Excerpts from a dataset
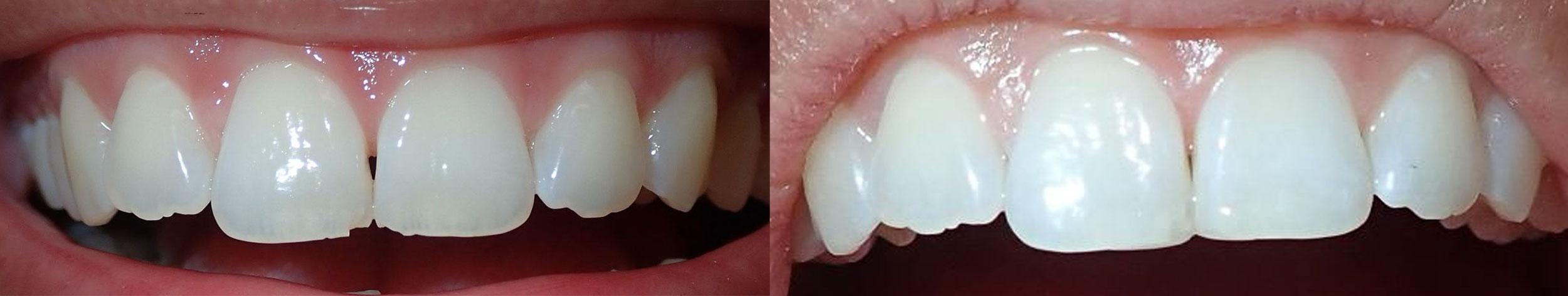 child with a chipped tooth needing dental procedure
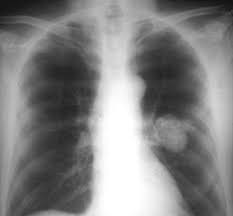Chest Radiology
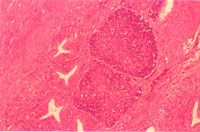 圖8： 華氏囊有淋巴母細胞浸潤、發育不全及囊狀物形成。 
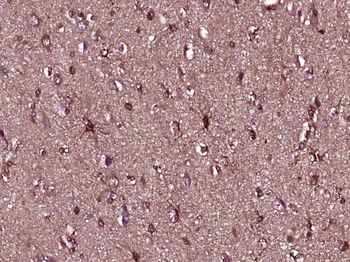 Peroxiredoxin 1 Mouse Monoclonal Antibody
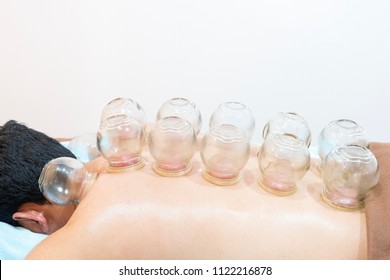 Closeup Cupping Treatment On Patient Back Stock Photo (Edit Now) 1513574558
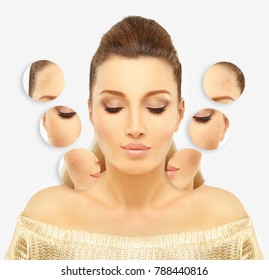 Dark spots, freckles,hyperpigmentation(melasma or chloasma)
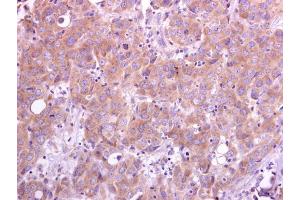 IHC-P Image TRAF5 antibody [N1N3] detects TRAF5 protein at cytoplasm on human breast carcinoma by immunohistochemical analysis. (TRAF5 Antikörper  (N-Term))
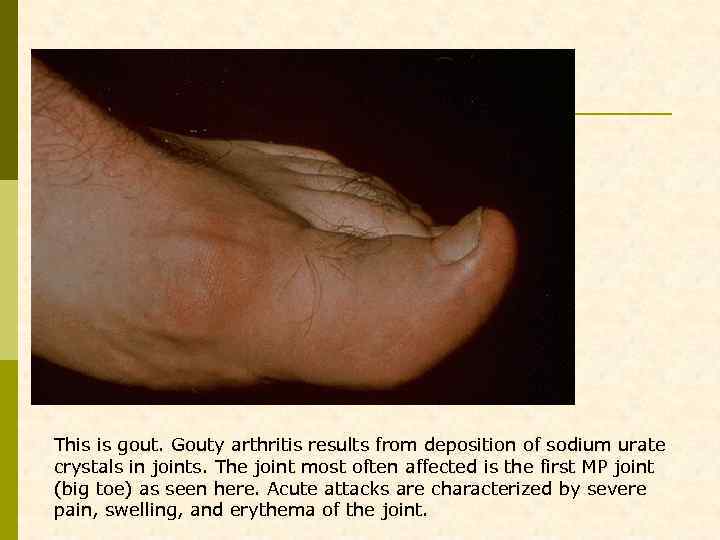This is gout. Gouty arthritis results from deposition of sodium urate crystals in joints.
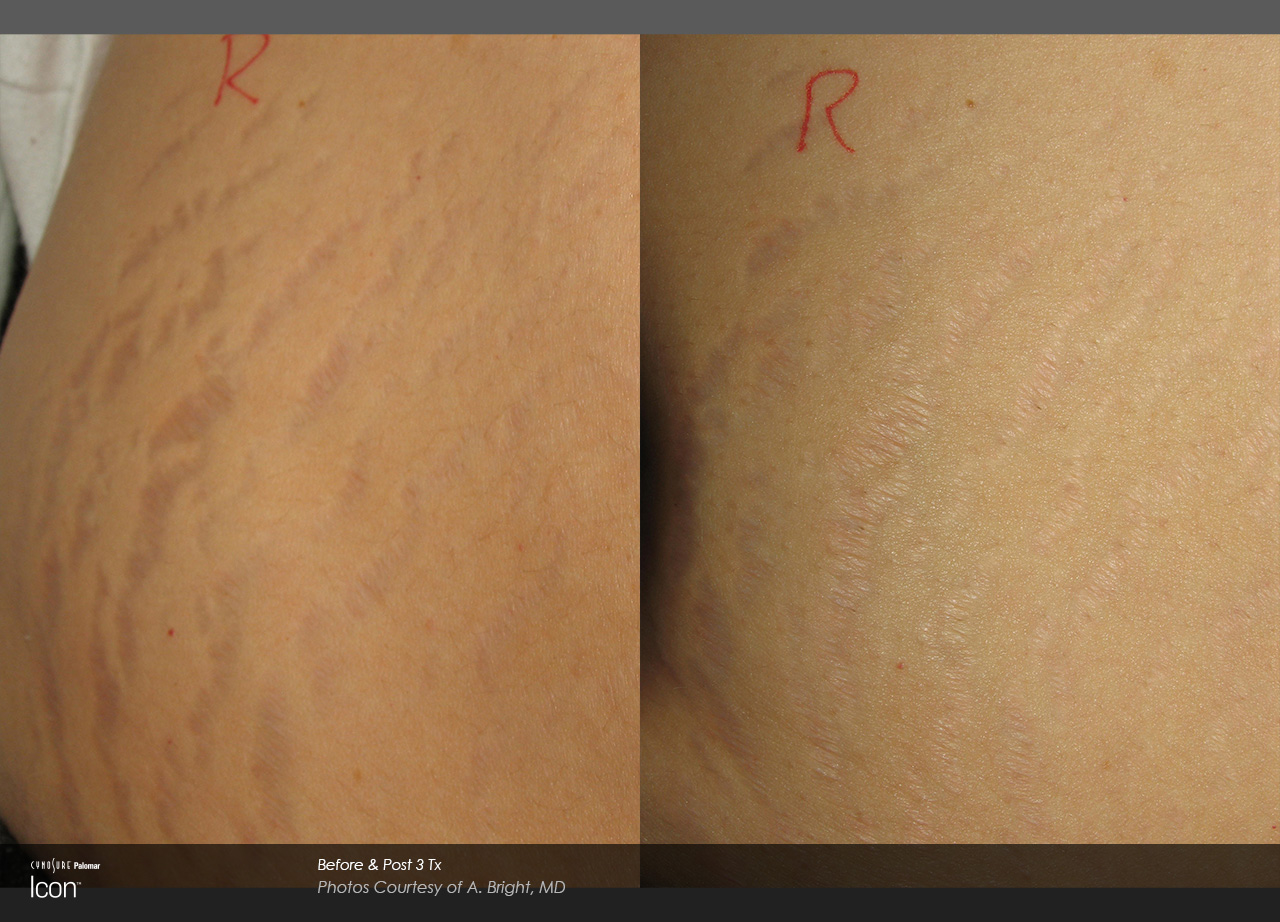 Stretch-Mark-Before-After-2_0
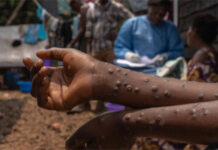 12 new cases of Mpox confirmed; total now 980 – Ghana Health Service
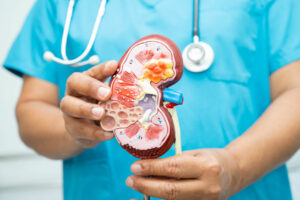 Nephrologist hold Kidney model to study and treat in hospital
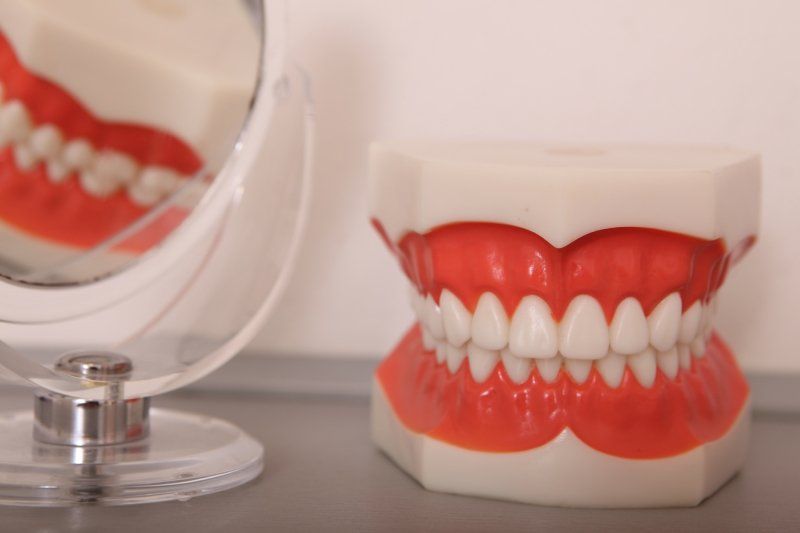 modello di una dentatura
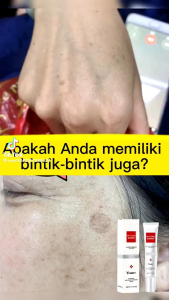 COD Youbuy Blemish Whitening Ori Freckle Cream: Salep Penghilang Flek Hitam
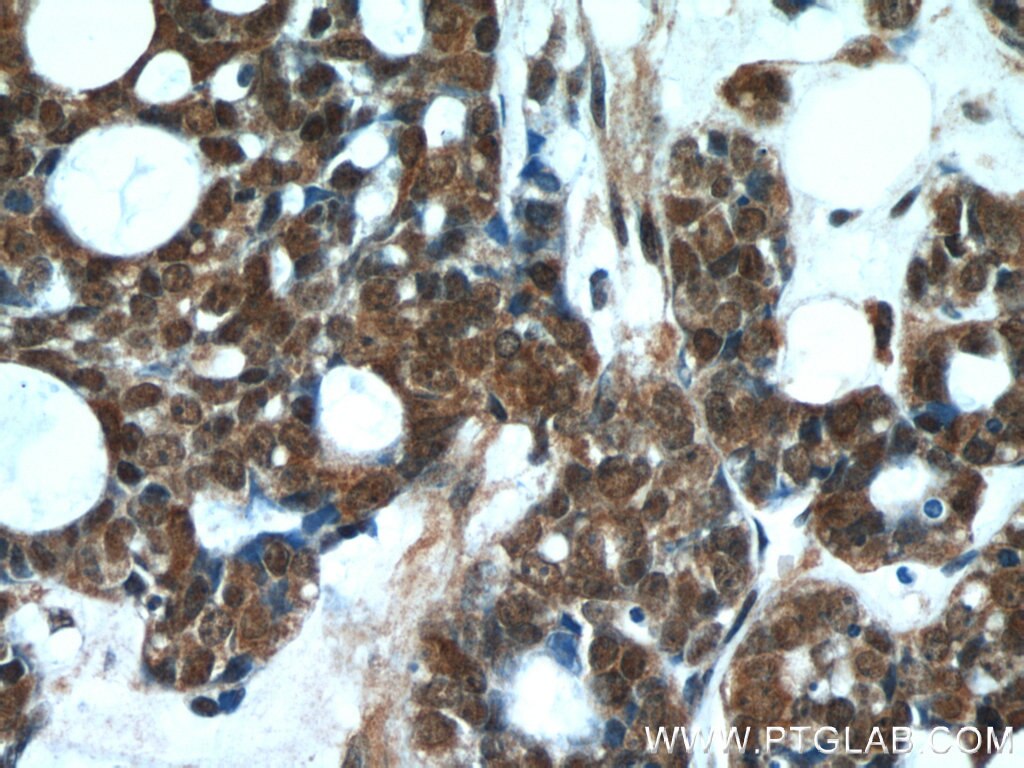 DDB1 IHC Immunohistochemical 66010-1-Ig DDB1 Antibody DDBA; UV-DDB1; XAP1; XPCE; XPE; XPE-BF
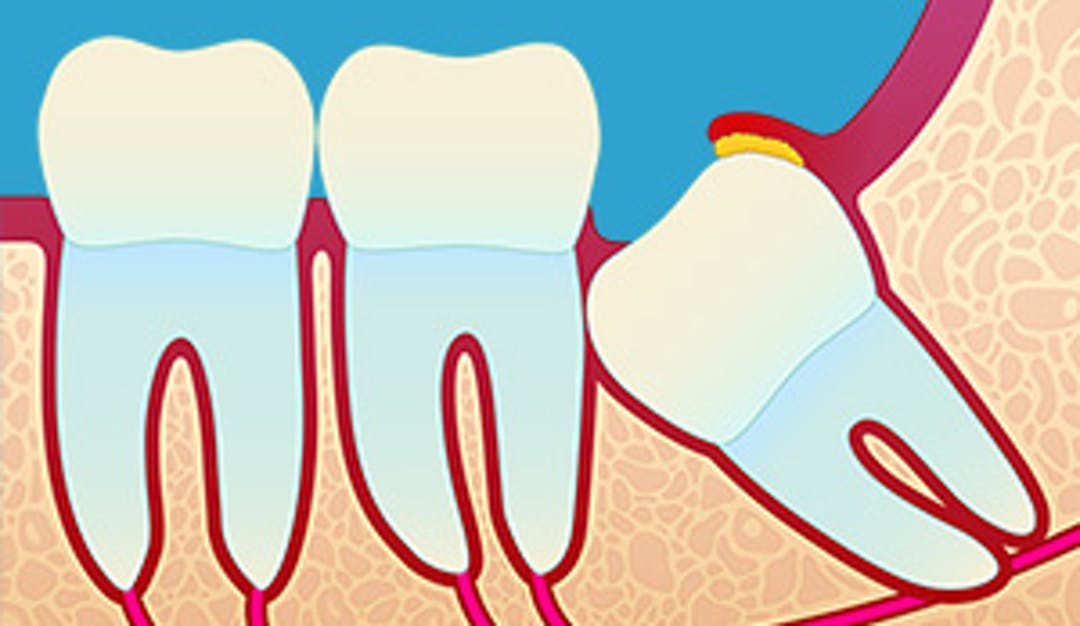 Visdomstenner_w300__56ff7cfdf655ca741cc781ab8c33455c-1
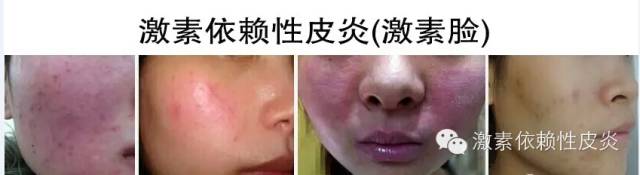 激素脸是什么病造成的,激素脸是什么症状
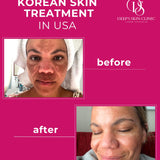 Deep’s Beauty Detox Whitening Night Pack - Deep’s Skin Clinic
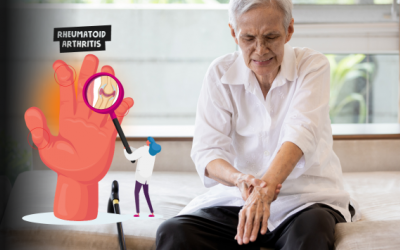 Biến chứng nguy hiểm của bệnh viêm khớp dạng thấp và cách phòng ngừa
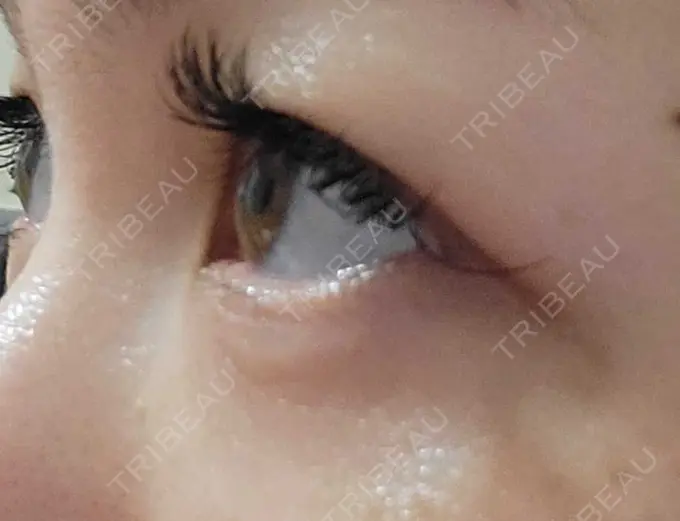 下まぶたたるみ取り / 下まぶたの脂肪取り 品川スキンクリニック広島院 DAY 32 メイン用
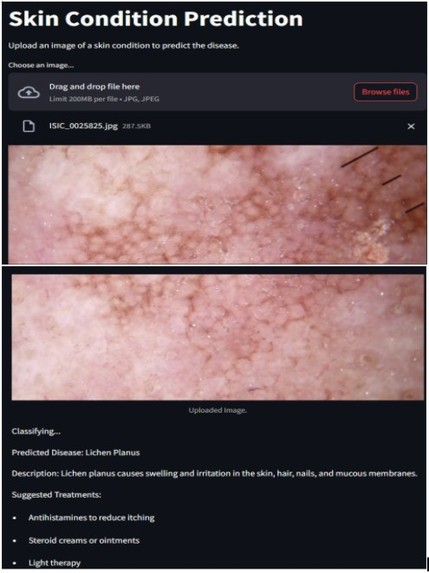 DermAi: AI-Powered Skin Disease Detection – screenshot 1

▶ **What to work on**:
The expected output is an exact copy of the lines from the top of the data above through the line containing "IHC-P Image TRAF5", both included, with every picture omitted.

▶ **Response box**:
 child with a chipped tooth needing dental procedure
Chest Radiology
 圖8： 華氏囊有淋巴母細胞浸潤、發育不全及囊狀物形成。 
 Peroxiredoxin 1 Mouse Monoclonal Antibody
 Closeup Cupping Treatment On Patient Back Stock Photo (Edit Now) 1513574558
 Dark spots, freckles,hyperpigmentation(melasma or chloasma)
 IHC-P Image TRAF5 antibody [N1N3] detects TRAF5 protein at cytoplasm on human breast carcinoma by immunohistochemical analysis. (TRAF5 Antikörper  (N-Term))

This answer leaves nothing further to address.